What to do: Within the records, which lines hold the string "Audio"? Report each one by copying it.

(Short web captions)
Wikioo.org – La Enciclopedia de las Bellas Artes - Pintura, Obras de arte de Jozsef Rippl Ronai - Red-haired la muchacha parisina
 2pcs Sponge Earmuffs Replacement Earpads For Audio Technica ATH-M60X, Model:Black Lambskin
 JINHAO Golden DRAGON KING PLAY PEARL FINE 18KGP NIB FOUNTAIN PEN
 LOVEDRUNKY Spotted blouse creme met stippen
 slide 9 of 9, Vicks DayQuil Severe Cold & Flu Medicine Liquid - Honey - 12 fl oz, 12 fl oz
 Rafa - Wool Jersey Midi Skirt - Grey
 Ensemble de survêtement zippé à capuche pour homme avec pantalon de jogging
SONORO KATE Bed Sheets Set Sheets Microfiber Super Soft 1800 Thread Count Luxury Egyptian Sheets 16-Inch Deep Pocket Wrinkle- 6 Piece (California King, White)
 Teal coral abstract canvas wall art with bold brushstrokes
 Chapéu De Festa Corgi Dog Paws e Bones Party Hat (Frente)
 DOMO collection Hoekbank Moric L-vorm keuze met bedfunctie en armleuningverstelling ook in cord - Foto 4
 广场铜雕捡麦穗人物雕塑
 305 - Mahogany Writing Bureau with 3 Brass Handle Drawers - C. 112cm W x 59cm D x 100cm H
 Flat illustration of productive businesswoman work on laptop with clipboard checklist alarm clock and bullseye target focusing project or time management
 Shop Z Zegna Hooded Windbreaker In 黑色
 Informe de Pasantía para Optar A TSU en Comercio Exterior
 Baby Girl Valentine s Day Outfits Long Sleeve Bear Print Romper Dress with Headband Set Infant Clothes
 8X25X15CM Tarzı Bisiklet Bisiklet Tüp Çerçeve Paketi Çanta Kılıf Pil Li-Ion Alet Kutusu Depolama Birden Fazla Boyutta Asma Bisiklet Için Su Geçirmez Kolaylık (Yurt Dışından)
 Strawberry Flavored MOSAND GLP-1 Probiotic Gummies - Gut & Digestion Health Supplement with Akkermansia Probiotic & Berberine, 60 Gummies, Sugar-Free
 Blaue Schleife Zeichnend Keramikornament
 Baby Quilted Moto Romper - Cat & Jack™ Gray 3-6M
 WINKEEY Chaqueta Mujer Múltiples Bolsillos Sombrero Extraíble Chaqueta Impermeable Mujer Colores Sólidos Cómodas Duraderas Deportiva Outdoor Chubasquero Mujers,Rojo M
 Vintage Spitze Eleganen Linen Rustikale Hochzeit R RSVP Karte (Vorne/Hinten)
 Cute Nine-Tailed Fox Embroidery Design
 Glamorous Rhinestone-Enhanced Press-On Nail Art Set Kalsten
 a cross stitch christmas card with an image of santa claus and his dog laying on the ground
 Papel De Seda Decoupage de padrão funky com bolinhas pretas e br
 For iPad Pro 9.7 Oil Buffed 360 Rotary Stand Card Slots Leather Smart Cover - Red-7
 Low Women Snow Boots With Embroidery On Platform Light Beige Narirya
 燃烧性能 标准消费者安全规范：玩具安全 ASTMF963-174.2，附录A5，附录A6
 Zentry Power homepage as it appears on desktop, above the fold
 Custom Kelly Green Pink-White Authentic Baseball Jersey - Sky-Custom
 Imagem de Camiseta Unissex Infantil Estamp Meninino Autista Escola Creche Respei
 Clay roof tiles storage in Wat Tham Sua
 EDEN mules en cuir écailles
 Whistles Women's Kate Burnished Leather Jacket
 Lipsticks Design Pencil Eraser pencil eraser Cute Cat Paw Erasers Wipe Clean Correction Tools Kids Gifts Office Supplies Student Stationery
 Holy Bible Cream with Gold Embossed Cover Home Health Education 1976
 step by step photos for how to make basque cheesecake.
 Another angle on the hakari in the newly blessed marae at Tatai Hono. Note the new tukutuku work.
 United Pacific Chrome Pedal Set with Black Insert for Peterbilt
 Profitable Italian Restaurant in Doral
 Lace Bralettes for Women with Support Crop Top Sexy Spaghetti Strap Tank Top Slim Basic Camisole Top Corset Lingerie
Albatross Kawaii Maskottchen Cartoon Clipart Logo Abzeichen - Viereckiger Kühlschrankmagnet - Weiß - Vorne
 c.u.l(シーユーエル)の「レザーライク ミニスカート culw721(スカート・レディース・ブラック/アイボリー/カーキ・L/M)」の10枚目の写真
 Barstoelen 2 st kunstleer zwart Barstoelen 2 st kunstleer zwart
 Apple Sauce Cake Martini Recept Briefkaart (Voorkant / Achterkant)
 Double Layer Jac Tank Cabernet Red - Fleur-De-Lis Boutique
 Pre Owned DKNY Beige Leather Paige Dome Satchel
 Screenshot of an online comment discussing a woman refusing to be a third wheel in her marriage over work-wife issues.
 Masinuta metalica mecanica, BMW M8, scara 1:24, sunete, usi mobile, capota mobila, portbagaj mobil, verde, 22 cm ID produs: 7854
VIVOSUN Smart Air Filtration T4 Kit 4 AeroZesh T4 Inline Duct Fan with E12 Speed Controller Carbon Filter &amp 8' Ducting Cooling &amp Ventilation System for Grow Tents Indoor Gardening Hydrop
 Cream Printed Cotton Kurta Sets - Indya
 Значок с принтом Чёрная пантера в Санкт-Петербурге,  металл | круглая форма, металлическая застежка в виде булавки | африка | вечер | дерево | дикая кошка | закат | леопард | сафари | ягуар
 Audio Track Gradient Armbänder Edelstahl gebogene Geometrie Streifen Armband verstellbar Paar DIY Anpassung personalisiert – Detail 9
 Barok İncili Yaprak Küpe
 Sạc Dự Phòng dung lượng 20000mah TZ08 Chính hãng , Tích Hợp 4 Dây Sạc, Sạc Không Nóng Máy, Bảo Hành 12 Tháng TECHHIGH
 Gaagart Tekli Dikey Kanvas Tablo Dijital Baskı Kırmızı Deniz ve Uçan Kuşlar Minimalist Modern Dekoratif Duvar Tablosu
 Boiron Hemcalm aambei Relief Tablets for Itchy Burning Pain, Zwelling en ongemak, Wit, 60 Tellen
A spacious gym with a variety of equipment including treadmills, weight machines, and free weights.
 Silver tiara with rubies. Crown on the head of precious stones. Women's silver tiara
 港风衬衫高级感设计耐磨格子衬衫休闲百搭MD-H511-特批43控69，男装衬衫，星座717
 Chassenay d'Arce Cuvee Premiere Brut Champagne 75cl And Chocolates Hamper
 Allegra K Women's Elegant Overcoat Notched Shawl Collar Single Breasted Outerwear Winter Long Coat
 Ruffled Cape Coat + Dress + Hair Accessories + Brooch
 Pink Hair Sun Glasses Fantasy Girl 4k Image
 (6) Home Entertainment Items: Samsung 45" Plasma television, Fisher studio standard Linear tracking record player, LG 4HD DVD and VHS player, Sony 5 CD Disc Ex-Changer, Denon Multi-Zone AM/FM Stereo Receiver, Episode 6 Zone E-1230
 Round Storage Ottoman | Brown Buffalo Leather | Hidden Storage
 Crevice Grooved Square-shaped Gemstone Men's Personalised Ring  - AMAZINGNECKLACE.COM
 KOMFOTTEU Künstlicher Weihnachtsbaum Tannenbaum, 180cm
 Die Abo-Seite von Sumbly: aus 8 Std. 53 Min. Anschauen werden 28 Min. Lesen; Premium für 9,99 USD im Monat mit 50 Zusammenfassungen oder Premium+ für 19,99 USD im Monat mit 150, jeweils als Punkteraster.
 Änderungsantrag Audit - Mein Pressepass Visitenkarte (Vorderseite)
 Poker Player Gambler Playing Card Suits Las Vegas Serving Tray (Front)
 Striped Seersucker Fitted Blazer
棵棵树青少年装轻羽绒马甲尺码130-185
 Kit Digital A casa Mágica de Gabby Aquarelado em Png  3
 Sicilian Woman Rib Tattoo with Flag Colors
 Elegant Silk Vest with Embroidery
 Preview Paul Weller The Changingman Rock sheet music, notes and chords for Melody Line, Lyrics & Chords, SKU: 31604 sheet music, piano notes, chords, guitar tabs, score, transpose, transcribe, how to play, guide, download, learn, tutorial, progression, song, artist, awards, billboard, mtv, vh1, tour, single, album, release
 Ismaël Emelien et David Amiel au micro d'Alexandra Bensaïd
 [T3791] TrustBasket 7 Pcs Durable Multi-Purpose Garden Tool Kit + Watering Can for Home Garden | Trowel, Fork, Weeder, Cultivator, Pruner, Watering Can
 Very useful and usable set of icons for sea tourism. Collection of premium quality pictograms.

Completed task:
 2pcs Sponge Earmuffs Replacement Earpads For Audio Technica ATH-M60X, Model:Black Lambskin
 Audio Track Gradient Armbänder Edelstahl gebogene Geometrie Streifen Armband verstellbar Paar DIY Anpassung personalisiert – Detail 9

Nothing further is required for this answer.